Transcribe exactly the lines that fall between the one holding "A spacious kitchen" and the one holding "Lush backyard featuring", inclusive, from the entries below.
· · · · · · ·
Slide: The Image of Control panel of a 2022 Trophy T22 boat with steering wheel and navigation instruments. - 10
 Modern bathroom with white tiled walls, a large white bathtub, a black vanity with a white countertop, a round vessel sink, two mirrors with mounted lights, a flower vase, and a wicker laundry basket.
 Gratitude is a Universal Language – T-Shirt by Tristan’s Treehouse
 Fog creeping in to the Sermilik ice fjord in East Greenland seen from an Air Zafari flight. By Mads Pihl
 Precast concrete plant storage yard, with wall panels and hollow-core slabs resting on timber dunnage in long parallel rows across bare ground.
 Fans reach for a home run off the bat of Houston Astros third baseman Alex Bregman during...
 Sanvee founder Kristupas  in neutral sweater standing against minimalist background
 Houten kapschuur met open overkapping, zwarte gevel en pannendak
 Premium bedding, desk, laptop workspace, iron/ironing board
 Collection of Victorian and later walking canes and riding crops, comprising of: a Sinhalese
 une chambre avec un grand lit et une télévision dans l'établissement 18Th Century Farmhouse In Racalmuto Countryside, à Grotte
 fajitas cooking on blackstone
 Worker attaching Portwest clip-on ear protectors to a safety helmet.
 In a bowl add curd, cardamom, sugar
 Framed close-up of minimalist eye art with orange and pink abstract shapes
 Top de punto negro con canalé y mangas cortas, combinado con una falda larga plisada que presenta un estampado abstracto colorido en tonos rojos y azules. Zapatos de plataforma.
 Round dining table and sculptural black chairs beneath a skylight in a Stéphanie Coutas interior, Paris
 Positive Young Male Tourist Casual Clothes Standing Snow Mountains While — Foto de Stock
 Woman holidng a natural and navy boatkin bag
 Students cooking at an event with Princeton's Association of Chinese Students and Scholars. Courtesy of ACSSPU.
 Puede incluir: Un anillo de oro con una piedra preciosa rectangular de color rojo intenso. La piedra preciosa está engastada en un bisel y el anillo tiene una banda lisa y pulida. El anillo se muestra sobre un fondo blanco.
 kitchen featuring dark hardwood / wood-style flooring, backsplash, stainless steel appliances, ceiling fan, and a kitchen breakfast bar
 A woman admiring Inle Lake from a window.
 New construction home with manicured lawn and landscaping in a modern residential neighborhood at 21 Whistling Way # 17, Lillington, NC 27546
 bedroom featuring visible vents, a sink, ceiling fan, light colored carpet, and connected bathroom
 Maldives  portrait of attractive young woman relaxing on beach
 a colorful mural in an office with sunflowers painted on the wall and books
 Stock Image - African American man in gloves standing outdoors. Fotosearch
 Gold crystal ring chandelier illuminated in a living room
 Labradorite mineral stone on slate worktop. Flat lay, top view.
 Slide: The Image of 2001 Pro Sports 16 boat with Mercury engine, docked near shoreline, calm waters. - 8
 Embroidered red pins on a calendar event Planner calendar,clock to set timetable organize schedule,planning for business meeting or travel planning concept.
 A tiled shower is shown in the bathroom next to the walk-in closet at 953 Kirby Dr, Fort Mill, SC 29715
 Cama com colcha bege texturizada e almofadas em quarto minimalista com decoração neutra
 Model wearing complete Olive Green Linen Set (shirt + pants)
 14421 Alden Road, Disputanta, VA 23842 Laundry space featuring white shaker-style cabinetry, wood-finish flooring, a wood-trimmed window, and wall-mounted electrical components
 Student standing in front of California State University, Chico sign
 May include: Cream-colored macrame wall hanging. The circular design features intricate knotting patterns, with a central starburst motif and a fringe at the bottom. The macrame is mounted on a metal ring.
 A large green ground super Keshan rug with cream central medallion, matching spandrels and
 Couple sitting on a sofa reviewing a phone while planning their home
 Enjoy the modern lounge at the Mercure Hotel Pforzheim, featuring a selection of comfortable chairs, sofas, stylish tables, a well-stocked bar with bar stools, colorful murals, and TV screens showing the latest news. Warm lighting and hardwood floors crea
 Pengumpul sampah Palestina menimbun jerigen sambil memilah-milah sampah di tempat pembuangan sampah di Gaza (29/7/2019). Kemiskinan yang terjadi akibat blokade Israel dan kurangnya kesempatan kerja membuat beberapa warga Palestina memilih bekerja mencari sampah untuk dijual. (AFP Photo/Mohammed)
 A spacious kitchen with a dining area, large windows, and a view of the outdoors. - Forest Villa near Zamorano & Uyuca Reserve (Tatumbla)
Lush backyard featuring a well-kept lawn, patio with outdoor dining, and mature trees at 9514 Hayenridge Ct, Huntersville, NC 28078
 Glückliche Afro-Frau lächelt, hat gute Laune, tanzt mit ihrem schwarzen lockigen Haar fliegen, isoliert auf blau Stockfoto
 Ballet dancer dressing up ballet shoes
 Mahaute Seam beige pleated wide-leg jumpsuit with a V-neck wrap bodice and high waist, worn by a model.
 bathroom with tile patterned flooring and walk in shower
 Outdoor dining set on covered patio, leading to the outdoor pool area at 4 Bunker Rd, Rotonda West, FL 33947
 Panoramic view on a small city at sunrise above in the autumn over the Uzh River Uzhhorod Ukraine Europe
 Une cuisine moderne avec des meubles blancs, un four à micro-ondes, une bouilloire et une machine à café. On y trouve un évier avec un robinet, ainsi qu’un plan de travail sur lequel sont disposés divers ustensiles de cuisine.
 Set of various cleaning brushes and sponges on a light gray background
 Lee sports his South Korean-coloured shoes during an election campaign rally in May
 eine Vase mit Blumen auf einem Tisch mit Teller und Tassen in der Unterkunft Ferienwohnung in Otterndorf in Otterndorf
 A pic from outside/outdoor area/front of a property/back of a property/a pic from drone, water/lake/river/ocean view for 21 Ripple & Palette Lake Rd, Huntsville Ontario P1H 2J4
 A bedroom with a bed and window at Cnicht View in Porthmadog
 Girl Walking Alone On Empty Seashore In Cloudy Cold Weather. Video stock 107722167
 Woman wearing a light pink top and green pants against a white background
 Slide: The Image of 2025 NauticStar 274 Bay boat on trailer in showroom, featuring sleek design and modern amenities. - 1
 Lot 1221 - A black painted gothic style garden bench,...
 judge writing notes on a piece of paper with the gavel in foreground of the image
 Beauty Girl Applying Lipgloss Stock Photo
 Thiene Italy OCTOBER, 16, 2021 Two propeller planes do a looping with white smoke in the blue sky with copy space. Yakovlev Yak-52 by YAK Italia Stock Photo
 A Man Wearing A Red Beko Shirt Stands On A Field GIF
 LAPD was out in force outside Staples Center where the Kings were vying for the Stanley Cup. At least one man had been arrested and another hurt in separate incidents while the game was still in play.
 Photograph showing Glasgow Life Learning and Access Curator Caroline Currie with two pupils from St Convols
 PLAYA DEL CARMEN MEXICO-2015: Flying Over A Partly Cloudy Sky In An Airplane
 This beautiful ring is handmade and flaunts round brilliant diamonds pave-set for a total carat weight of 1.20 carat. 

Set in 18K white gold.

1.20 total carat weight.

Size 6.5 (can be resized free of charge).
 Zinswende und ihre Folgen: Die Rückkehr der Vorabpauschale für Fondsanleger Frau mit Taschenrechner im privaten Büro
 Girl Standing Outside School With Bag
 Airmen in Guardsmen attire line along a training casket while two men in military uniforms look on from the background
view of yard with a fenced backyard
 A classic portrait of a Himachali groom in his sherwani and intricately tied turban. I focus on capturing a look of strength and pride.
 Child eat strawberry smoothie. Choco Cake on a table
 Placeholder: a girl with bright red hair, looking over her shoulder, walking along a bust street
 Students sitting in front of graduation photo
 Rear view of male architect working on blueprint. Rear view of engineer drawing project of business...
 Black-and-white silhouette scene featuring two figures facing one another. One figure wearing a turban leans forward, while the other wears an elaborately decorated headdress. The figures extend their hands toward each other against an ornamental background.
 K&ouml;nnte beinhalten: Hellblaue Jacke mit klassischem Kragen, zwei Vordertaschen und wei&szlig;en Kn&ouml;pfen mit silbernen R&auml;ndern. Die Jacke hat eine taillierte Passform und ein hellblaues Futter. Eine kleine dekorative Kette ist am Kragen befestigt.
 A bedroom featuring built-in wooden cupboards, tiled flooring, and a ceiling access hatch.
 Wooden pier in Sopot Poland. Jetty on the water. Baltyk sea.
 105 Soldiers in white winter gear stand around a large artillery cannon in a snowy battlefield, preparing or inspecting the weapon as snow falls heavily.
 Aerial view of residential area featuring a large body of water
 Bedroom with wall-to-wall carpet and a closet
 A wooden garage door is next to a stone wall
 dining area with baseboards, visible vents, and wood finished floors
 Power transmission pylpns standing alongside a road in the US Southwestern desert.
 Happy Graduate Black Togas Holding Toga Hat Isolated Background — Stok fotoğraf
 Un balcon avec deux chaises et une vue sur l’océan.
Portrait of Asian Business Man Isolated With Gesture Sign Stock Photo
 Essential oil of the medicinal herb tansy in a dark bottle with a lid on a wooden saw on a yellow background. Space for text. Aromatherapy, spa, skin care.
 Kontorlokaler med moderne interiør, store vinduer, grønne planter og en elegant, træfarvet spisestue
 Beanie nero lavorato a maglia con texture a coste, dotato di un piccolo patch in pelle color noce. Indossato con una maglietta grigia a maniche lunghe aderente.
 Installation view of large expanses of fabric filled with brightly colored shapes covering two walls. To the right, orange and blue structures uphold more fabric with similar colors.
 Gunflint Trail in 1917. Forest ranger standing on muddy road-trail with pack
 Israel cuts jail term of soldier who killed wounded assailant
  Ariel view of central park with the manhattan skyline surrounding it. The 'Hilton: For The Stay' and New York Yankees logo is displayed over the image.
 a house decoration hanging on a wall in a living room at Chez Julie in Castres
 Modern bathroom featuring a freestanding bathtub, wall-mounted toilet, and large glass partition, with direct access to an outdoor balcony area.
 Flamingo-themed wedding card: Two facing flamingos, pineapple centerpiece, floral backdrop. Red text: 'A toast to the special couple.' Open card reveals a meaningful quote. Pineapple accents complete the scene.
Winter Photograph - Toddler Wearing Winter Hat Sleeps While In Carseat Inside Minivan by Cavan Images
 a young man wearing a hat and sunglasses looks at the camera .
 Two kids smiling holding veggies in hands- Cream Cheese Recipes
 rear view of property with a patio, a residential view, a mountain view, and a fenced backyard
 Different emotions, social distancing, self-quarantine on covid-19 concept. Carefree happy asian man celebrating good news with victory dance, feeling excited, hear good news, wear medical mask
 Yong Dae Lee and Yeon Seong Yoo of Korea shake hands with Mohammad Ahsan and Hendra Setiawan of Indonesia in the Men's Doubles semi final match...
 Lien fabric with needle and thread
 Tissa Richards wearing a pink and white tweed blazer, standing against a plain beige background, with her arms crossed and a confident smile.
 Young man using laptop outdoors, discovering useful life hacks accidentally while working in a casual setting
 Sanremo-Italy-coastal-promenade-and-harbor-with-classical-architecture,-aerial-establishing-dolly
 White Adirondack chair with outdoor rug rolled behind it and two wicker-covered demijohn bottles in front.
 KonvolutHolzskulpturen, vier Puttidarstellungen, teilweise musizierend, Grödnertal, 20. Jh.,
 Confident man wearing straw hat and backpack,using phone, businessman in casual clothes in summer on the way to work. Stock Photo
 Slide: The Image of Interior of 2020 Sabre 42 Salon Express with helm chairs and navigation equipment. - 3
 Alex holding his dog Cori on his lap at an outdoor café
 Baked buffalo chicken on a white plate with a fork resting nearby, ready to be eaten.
· · · · · · ·
YOUR SOLUTION —
 A spacious kitchen with a dining area, large windows, and a view of the outdoors. - Forest Villa near Zamorano & Uyuca Reserve (Tatumbla)
Lush backyard featuring a well-kept lawn, patio with outdoor dining, and mature trees at 9514 Hayenridge Ct, Huntersville, NC 28078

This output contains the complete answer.